Why I do Woodblocks
What inspired me to become a printmaker was the desire to make multiples. While in the MFA program in painting at Columbia I had studied etching with Tony Harrison (also the teacher of Kathan Brown in England) and woodcut with Seong Moy. I had made a few woodblock prints in the first fifteen years after I left school but it was only in the early 1980's that making prints became an important part of my artistic life.
I had early on developed a strain of black and while work on paper. And it was when I realized that I wanted to make certain images more accessible to people that I found returning to the woodblock printing was a natural fit for me. It was not a long step from my ink drawings to my prints, and that step allowed me to refine my images as well as to introduce another element of chance (the wood and its and the printings accidents).
I welcomed the extended periods of carving after the very intense and spontaneous method I had developed in my drawing. I thought of myself as a painter who made prints, not as a printmaker per se. I never was a good enough printer to feel that I could do it better than a professional printer and I have since then always worked in collaboration with printers.

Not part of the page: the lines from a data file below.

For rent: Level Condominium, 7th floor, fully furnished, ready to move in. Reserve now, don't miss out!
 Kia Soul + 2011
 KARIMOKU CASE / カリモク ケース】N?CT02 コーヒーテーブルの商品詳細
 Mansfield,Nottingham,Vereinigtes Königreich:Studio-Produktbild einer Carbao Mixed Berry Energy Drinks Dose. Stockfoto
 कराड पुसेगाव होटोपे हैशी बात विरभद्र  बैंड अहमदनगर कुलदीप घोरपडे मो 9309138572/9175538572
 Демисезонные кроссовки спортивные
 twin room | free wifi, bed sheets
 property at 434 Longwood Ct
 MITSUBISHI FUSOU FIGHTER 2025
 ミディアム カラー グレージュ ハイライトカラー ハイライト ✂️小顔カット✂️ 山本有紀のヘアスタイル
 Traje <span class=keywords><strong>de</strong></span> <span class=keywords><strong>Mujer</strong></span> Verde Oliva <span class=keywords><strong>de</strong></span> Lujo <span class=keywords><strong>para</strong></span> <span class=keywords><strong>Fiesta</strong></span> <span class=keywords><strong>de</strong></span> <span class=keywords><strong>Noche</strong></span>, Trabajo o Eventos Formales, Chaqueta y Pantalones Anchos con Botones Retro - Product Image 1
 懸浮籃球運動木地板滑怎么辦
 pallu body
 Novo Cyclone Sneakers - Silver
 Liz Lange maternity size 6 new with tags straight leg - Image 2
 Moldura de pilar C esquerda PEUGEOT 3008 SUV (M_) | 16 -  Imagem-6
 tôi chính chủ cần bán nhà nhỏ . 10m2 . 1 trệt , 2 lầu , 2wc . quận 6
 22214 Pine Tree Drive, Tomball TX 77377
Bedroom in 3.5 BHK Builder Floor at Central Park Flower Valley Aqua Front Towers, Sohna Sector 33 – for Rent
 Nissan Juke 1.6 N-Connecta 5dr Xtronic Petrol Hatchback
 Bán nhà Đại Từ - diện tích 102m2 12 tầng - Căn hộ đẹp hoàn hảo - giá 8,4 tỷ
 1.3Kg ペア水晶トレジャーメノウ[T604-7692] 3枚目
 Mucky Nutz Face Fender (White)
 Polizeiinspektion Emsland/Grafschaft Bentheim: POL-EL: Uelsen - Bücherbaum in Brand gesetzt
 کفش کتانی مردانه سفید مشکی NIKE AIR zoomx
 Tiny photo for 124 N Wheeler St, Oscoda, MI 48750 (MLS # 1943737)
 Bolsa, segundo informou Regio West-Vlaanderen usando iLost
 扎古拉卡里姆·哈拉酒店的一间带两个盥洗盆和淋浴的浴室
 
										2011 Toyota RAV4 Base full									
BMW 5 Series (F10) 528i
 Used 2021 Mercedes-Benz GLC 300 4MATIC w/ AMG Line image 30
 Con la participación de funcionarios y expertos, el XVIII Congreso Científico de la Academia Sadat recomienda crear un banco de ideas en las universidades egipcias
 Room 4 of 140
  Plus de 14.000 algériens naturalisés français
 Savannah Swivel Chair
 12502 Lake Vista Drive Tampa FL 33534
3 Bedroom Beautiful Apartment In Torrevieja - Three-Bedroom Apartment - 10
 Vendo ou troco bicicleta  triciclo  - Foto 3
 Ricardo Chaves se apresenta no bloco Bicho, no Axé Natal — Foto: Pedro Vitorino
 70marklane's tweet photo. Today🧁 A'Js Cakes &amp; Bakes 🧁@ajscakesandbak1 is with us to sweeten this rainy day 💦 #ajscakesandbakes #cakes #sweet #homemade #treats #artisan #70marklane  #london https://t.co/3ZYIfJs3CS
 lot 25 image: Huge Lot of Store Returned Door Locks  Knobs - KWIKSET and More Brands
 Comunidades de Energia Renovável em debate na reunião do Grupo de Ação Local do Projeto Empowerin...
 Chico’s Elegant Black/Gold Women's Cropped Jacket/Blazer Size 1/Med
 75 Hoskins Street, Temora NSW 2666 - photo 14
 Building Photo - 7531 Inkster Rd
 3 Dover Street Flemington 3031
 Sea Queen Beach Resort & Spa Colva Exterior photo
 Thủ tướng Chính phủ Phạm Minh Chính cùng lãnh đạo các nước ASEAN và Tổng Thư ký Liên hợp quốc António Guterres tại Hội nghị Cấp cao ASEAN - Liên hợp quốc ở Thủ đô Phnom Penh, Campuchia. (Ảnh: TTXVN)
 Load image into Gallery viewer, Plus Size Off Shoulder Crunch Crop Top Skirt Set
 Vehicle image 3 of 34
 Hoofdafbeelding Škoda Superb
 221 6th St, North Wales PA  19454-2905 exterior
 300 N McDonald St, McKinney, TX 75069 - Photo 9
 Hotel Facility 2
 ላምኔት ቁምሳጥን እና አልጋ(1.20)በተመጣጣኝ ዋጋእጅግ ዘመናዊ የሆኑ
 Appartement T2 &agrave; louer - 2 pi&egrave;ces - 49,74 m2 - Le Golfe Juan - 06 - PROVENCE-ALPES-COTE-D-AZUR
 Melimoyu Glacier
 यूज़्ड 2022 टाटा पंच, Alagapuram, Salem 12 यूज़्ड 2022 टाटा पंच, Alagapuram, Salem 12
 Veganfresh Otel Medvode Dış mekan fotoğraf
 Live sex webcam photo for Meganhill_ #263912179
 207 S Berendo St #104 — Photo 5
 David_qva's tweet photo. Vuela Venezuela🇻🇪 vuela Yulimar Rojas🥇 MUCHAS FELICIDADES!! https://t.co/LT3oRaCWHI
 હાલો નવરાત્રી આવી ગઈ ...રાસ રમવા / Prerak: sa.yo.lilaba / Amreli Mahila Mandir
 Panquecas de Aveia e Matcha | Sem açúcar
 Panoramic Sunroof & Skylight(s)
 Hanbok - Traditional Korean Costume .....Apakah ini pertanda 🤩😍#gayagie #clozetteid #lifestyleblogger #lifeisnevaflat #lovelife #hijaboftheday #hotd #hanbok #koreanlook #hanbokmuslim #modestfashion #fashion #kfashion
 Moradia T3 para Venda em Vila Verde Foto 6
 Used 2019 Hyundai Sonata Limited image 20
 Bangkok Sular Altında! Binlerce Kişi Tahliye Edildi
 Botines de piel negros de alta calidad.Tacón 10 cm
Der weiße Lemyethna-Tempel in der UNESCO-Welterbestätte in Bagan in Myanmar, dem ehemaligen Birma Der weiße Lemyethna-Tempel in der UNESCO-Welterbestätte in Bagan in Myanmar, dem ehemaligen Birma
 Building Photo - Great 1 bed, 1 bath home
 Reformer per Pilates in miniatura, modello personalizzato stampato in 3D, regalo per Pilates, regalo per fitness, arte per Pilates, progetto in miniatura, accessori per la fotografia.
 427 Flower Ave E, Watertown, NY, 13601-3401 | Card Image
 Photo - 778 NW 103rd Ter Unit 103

In the '80's and 90's I was not so much inspired by other artists' work as I found companionship with other artists working at the same time: Kiefer large prints and books, Brice Marden in his Rexroth Series and Cold Mountain series, Kelley in his flowers, Richard Serra. All of this work was primarily black and white. But the artist whose prints I admire the most is Edvard Munch. To his work I aspire for its complete creativity within the media, its simplicity and its strength of expression.